I have a method of testing electric train track from Lionel, American Flyer, Marx or any other brand. The key is to test it one piece at a time, so you know any problem you found is isolated to a single piece of track.

Here are a couple of different ways to test, depending on what tools you have available.

What you need

  • Track (of course)
  • A transformer, lockon, and two pieces of wire OR
  • A digital multimeter

Testing a loop of track

I recommend testing one piece of track at a time, but if you have a loop assembled and it’s giving you trouble, divide and conquer. Split the loop of track in half, then test each half. Find the bad half, then divide that bad half in half and test both. This lets you quickly narrow down the problem piece or pieces without completely disassembling everything.

Just split up the track and follow one of the two testing procedures below.

Testing with a transformer

Lionel CTC Lockon

A Lionel CTC lockon, properly installed. Note it only touches the center rail and one outer rail.

The crudest way to test is to connect a lockon to a single piece of track, then wire it up to your transformer and turn on the transformer. If the transformer clicks or the short-circuit light comes on, then you know that piece of track is bad. The problem with this test is that it can sometimes take a little time for the circuit breaker to trip, so you might think a piece is OK when it isn’t.

A slightly better test is to put a locomotive on the track and see if it shows any signs of life. If there’s a short in the track, the locomotive won’t get any power and will appear to be dead.

Testing and troubleshooting track with a multimeter

But by far the safest and best way to test a piece of track is to use a multimeter. It doesn’t have to be an especially fancy or expensive one. Turn the multimeter on to continuity tester or ohmmeter mode. When you first turn the multimeter on and hold the leads in the air, you’ll have no continuity and infinite resistance. My multimeter displays “1” in that scenario. That’s the reading you want to get between the rails of your track.

2-rail track

Testing American Flyer track

This piece of American Flyer S gauge track, besides being a bit rusty, shows symptoms of having a short in it. On a good piece of track, my multimeter would read “1.”

With two-rail track, put one lead on each rail. You should see infinite resistance, or no continuity. If you see continuity, the track has a short in it and you need to replace the insulators.
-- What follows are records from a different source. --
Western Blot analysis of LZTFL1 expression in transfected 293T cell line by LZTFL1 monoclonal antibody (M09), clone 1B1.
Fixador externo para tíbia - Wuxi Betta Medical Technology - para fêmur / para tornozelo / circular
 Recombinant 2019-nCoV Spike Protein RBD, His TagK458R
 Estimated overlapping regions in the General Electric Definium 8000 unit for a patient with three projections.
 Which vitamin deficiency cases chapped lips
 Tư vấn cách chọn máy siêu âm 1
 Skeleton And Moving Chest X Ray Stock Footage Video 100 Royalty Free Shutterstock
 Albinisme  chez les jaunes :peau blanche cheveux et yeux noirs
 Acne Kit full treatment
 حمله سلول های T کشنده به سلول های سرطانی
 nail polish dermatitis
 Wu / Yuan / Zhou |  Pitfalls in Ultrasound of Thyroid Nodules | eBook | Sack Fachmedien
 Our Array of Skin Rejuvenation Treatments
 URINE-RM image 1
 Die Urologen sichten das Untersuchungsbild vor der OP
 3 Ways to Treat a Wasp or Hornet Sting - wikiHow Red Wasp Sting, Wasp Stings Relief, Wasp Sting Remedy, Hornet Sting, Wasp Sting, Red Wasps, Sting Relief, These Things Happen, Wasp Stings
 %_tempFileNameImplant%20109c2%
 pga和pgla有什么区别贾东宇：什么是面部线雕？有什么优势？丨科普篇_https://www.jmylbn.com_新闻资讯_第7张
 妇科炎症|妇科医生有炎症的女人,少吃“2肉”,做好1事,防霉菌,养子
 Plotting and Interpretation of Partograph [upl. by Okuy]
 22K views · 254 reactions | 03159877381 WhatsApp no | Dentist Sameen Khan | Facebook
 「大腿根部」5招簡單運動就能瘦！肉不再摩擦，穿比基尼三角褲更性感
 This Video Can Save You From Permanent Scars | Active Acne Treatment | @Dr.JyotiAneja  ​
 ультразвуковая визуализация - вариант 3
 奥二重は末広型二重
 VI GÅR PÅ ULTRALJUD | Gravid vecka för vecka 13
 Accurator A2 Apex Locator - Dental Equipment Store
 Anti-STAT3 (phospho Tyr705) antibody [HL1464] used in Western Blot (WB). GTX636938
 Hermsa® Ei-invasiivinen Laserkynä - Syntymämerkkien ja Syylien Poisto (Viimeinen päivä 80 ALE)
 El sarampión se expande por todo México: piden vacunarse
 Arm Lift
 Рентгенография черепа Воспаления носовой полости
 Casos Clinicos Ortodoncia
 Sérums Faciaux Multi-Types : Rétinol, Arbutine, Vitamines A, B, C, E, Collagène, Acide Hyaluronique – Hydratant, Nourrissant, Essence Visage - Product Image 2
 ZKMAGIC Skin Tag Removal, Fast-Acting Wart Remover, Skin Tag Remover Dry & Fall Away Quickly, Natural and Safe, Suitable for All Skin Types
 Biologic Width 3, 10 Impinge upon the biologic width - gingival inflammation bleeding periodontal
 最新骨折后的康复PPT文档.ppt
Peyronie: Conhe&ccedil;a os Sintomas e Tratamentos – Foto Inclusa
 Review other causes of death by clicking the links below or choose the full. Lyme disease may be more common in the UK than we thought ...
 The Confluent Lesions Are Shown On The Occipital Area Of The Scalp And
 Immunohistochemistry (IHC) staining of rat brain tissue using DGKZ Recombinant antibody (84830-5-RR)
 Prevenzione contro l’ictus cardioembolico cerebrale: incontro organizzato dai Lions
Don’t worry, you’ll probably find everything you need for the repair in your trash can. No, I’m not kidding.

3-rail track

Troubleshooting Lionel/Marx track

This piece of Lionel O27 track is testing good. The “1” reading on my multimeter indicates no electricity can flow between the two rails I’m testing.

With three-rail track, put one lead on the center rail and the other lead on one of the outer rails. You should see infinite resistance or no continuity. Next, move the lead from the outer rail over to the other outer rail. Again, you should see infinite resistance or no continuity. If you see continuity, the track has a short in it and you need to replace the insulators.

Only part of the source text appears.